The vehicle in question was built on a Spartan MetroStar X chassis with an advanced protection airbag system, Keltner says. “That’s the Spartan limited option chassis that’s designed to carry an engine up to 450-horsepower (hp),” he points out. “We cut the beavertails off the back of the vehicle, made it into a flatback pumper, and then tested and reviewed the gearbox and all the vales on the Hale 1,500-gallon-per-minute (gpm) QSMG pump, which flowed 1,630 gpm after our tests and repairs.”
Precision installed a new 1,000-gallon UPF Poly tank in the vehicle; updated all of the apparatus lighting to Whelen LED warning, compartment, and scene lights; refinished the inside of all the compartments; checked the body for cracks or stress areas and made repairs where needed; repainted the entire apparatus, installed chevron striping on the rear; and added non-slip material to all walking surfaces. All the compartmentation remained the same, except for the beavertail compartments that were removed.
The time frame for completing a refurbishment can vary depending on the amount of work needed, as well as the availability of parts. In this particular case, Keltner says the new Spartan chassis arrived January 14, 2013, and Precision rolled out the finished product on February 8.
Keltner notes that Precision Fire Apparatus anticipates refurbishing a number of vehicles and putting them into its stock this year. “We’re working on one now that started life as a 1992 E-ONE Hush pumper,” he says. “We will put it on a Spartan MetroStar X chassis, but it’s a challenge because we have to change the gear box, shaft ,and drive components on the Hale 1,500-gpm pump and make sure all the drive angles are correct.

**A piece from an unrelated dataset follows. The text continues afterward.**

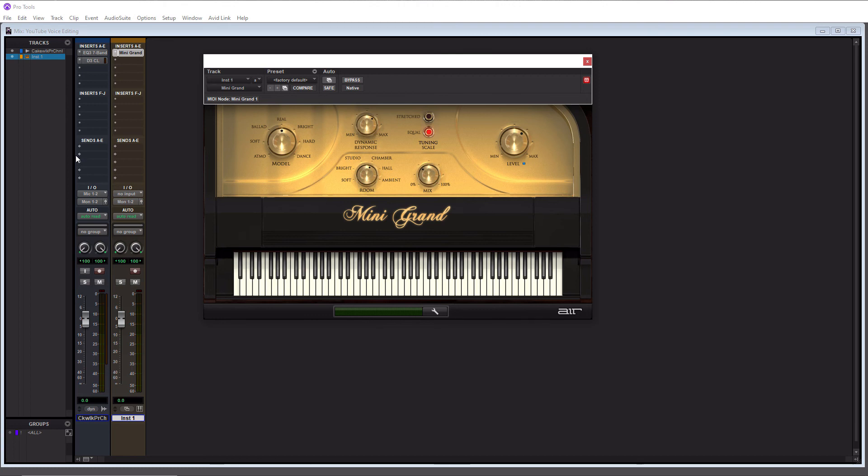Okay, so you can obviously do mixing on an instrument track too, using compressors and EQs and whatever. Okay, so that is how you use inserts in Pro Tools and pretty much any DAW that exists out there.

There’s about $8,000 worth of parts plus labor just to modify the pump.”
Keltner points out that Precision has a working relationship with another company he owns—Jon’s Mid America Fire Apparatus, of Rogersville, Missouri, which has been a KME dealer for the past 15 years covering Missouri, Arkansas, Oklahoma, and Kansas. “We’re also one of the largest used fire truck dealers in the country,” he says. “Buying and reselling used fire apparatus is the largest part of our business.”
Precision Fire Apparatus also has an ongoing relationship with Sutphen. “We’ve built many rear-mount and other pumpers on Sutphen chassis,” Keltner says, “and we’ll continue to support their Sutphen-Precision dealer network around the country.”
He adds that “Our strengths boil down to having a lot of good, talented people who do amazing work in turning out a quality product.”
ALAN M. PETRILLO is a Tucson, Arizona-based freelance writer and is a member of the Fire Apparatus & Emergency Equipment editorial advisory board. He served 22 years with the Verdoy (NY) Fire Department, including in the position of chief.